→ **Work task**:
Copy the listing verbatim, excluding any images found in it.

→ **Raw data**:
********************

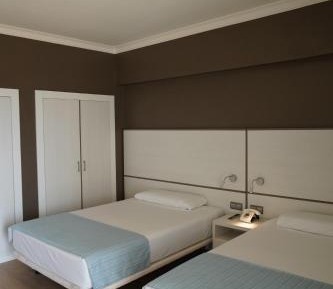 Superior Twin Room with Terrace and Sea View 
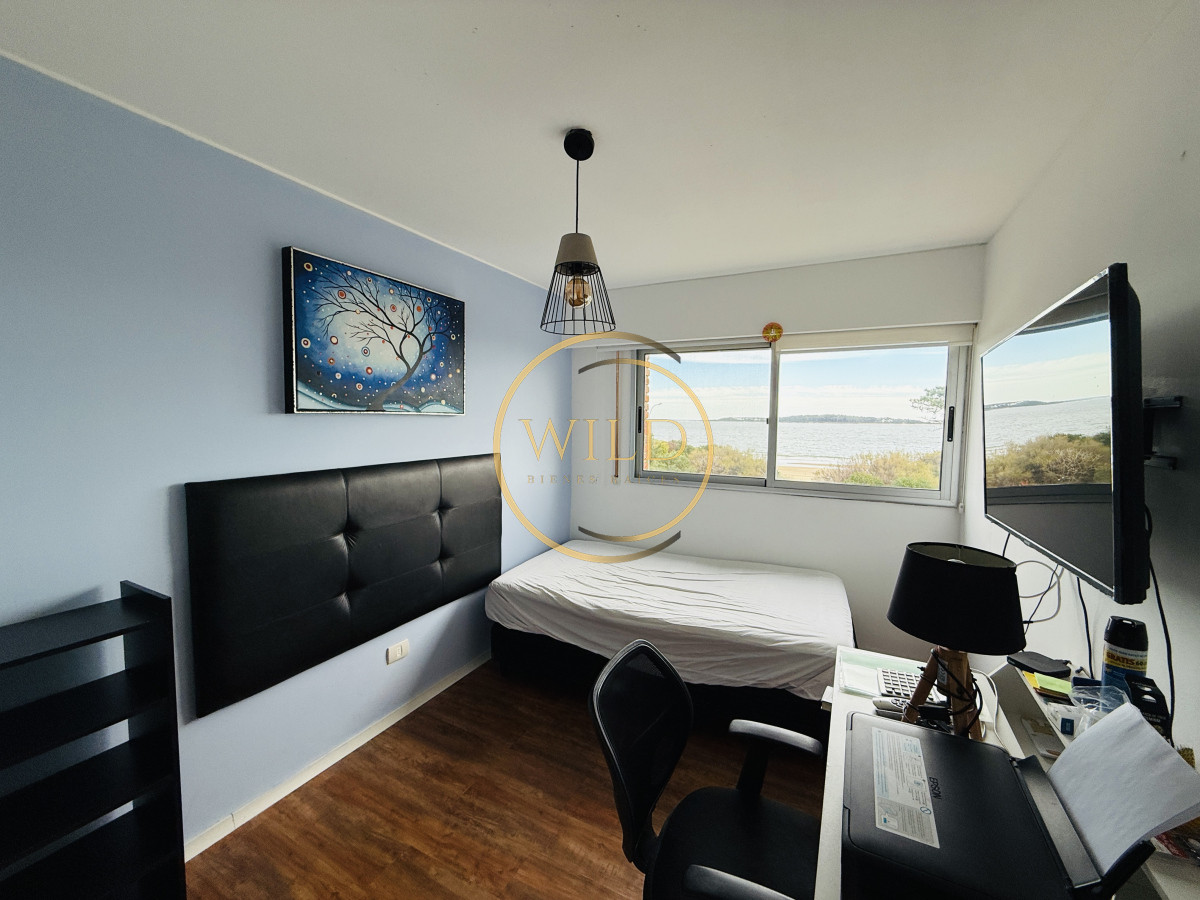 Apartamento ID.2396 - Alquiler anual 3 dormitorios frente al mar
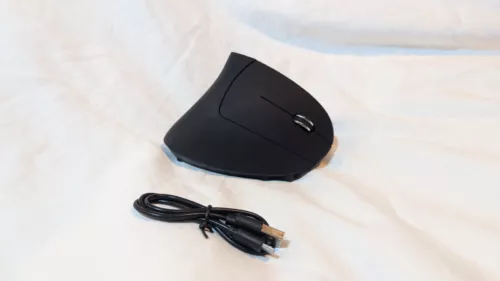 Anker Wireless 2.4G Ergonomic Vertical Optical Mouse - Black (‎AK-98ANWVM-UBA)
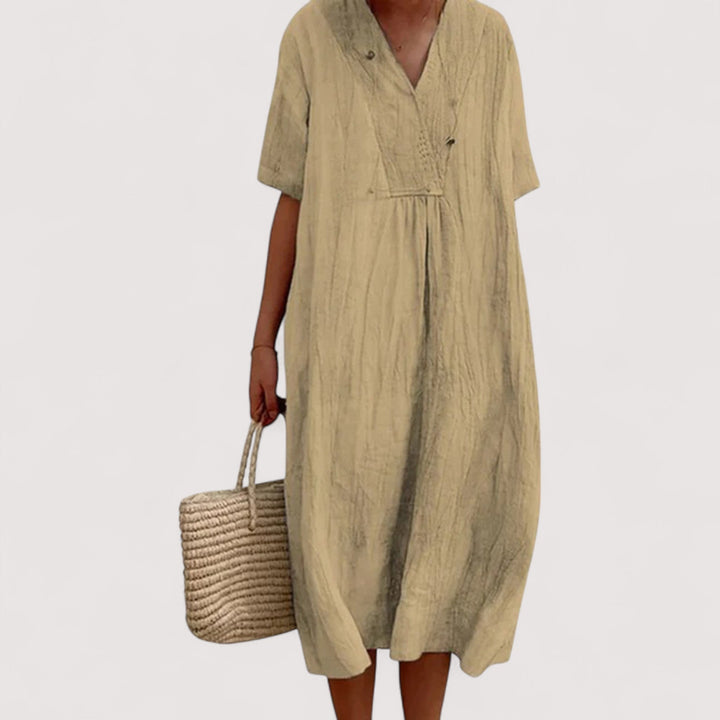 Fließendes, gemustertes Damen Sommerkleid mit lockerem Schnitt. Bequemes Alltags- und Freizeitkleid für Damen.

********************

→ **Task answer**:
 Superior Twin Room with Terrace and Sea View 
 Apartamento ID.2396 - Alquiler anual 3 dormitorios frente al mar
 Anker Wireless 2.4G Ergonomic Vertical Optical Mouse - Black (‎AK-98ANWVM-UBA)
 Fließendes, gemustertes Damen Sommerkleid mit lockerem Schnitt. Bequemes Alltags- und Freizeitkleid für Damen.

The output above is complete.